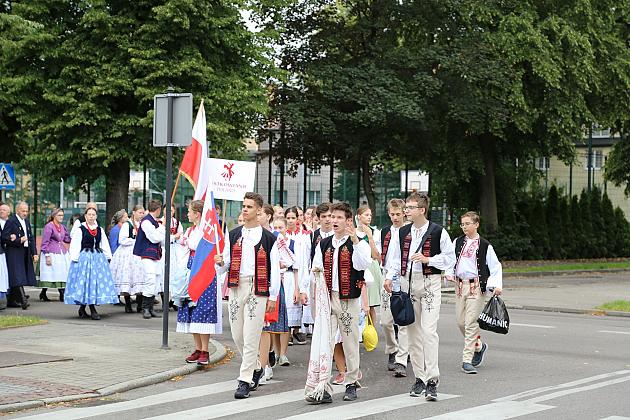 Lęborskie Dni Jakubowe AD 2019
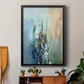 Current Air I - Modern Framed Canvas Print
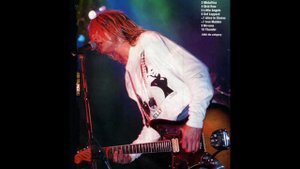 NIRVANA - Lake Of Fire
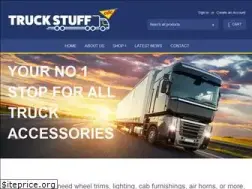 Sites similar to truckstuff.co.uk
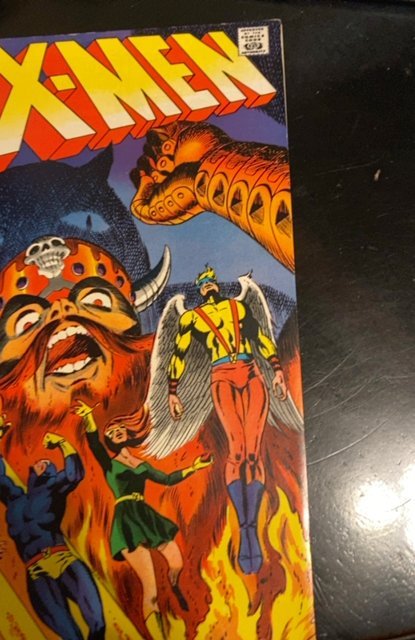 The X-Men #51 (1968)The devil in the daughter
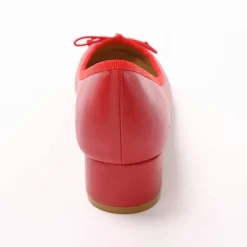Ballerines petit talon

• [Problem description]: The answer should consist only of the lines from the one with "The X-Men #51" through the last line of the material above, copied exactly, with no pictures.

• [Finished task]:
 The X-Men #51 (1968)The devil in the daughter
Ballerines petit talon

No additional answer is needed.